It seems the `swapper` process did a kernel NULL pointer dereference.

Is there a newer BIOS version available for your mainboard?
Do you have the latest amd-microcode package installed?

Could you run a memtest just to make sure there's no memory error involved?
 
Is there a newer BIOS version available for your mainboard?

Updated to the latest earlier this year

Do you have the latest amd-microcode package installed?

No I do not, though my cpu is a i5-11500, would the intel microcode be the one to use?

Could you run a memtest just to make sure there's no memory error involved?

I'll schedule some downtime for that.

Thanks!
 
Oh sorry! I mixed up the chipset names. There are `B550` and `B650` chipsets for AMD, but no `B560`.
Yes, for Intel it's the `intel-microcode` package. If you don't have it installed, please install it.

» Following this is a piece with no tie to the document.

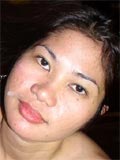 Tight Filipino slut gets her face cum covered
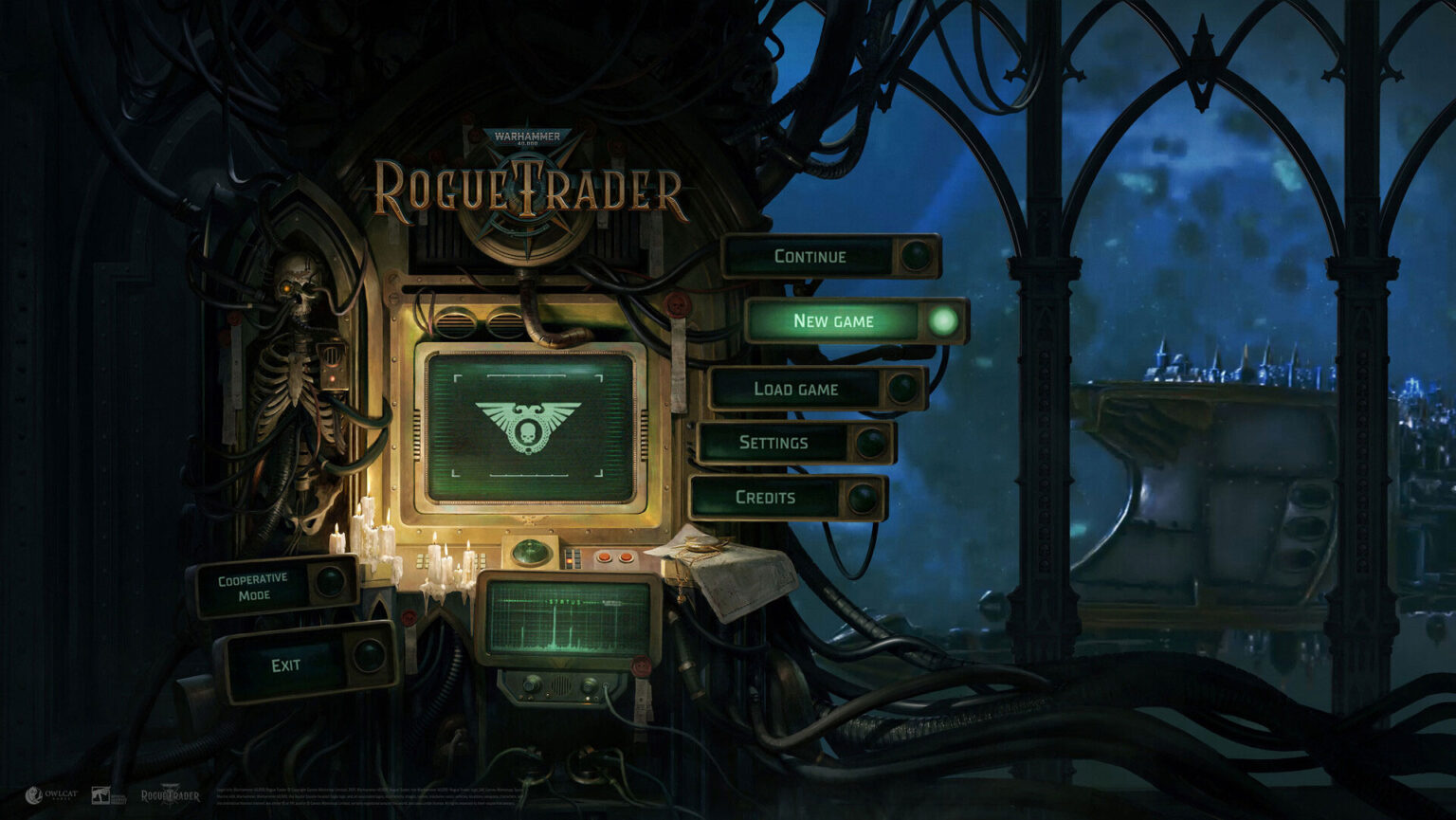 Rogue Trader Main Menu by Valeriy Vegera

Can you also check your APT history (/var/log/apt/history.log) logs if there were any kernel changes when you updated?
If so, you could try booting the previous kernel to see if there are still issues.
 
Oh sorry! I mixed up the chipset names. There are `B550` and `B650` chipsets for AMD, but no `B560`.
Yes, for Intel it's the `intel-microcode` package. If you don't have it installed, please install it.

No worries! I ended up installing both :) Also fixed up my quorum votes.

I've had no issues since then, so hopefully one of those fixed the issue.

Thanks!